Short descriptive text snippets
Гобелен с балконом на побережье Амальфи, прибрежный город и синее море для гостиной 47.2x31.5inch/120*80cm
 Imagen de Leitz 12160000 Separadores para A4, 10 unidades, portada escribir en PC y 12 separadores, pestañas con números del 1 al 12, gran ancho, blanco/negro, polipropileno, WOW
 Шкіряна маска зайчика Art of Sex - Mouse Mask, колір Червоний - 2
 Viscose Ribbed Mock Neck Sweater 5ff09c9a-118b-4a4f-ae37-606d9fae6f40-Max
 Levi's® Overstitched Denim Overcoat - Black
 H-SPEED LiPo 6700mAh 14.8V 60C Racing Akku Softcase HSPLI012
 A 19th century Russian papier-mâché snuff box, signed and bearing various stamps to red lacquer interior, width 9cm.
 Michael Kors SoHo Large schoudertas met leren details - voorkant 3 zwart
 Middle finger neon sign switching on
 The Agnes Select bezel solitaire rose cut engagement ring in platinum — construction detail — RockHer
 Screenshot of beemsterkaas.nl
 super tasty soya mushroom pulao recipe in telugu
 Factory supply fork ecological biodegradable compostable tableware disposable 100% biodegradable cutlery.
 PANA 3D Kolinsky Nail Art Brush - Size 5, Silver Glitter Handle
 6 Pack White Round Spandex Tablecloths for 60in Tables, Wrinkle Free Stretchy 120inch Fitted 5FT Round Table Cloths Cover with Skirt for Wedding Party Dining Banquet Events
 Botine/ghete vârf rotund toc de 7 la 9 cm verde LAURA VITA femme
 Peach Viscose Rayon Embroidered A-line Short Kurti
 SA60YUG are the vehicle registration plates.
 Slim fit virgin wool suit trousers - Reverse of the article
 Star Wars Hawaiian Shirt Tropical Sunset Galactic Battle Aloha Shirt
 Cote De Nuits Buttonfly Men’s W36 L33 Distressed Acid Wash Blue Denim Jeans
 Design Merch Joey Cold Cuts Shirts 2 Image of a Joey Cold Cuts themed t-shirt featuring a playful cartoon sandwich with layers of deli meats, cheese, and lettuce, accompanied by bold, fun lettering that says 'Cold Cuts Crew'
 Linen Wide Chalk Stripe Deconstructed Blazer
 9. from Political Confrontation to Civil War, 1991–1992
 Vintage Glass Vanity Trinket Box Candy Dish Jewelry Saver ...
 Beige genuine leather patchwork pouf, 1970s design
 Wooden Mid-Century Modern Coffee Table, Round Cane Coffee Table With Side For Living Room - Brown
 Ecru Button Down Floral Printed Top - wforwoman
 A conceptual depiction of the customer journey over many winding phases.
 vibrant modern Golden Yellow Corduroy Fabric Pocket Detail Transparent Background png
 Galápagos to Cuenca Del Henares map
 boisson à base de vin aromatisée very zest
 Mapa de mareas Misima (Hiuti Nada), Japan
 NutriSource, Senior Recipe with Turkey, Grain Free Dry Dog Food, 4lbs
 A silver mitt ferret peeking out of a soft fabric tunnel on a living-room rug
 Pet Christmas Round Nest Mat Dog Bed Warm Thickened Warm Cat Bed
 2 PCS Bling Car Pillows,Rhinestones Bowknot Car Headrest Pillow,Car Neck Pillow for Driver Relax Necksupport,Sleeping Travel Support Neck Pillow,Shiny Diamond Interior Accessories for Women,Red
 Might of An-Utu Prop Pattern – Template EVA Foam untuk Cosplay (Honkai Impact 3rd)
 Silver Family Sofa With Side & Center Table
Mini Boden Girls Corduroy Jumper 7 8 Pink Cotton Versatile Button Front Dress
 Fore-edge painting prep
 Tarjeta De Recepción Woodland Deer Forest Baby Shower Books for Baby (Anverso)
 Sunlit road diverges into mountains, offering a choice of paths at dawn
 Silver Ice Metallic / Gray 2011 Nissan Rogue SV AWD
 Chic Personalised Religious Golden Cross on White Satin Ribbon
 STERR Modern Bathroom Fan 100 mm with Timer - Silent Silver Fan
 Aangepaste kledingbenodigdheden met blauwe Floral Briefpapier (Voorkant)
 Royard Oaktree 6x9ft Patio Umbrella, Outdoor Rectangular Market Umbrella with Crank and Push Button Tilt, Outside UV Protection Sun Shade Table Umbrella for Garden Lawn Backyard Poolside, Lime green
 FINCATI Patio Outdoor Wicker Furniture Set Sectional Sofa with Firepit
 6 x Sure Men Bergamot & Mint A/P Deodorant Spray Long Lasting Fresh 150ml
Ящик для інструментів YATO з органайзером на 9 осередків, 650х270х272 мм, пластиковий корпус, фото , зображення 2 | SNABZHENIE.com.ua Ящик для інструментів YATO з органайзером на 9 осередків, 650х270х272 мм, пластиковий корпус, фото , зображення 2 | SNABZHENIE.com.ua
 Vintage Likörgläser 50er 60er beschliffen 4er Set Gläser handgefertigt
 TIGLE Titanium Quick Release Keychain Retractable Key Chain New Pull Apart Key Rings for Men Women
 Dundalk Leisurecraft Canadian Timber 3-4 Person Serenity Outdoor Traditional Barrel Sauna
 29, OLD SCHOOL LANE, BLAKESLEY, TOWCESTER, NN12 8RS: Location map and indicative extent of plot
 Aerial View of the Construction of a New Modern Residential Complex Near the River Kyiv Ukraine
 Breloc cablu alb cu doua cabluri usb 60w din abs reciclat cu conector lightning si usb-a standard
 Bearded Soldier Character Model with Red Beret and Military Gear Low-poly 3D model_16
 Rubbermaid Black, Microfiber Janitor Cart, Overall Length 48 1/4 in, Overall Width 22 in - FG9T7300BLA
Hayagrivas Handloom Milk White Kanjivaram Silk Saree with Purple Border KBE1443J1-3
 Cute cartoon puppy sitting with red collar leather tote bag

> HOW TO COMPLETE THIS TASK
Working from the records above, write out verbatim only the lines from the line containing "Chic Personalised Religious" through the line containing "6 x Sure Men".

> SOLVED PROBLEM
 Chic Personalised Religious Golden Cross on White Satin Ribbon
 STERR Modern Bathroom Fan 100 mm with Timer - Silent Silver Fan
 Aangepaste kledingbenodigdheden met blauwe Floral Briefpapier (Voorkant)
 Royard Oaktree 6x9ft Patio Umbrella, Outdoor Rectangular Market Umbrella with Crank and Push Button Tilt, Outside UV Protection Sun Shade Table Umbrella for Garden Lawn Backyard Poolside, Lime green
 FINCATI Patio Outdoor Wicker Furniture Set Sectional Sofa with Firepit
 6 x Sure Men Bergamot & Mint A/P Deodorant Spray Long Lasting Fresh 150ml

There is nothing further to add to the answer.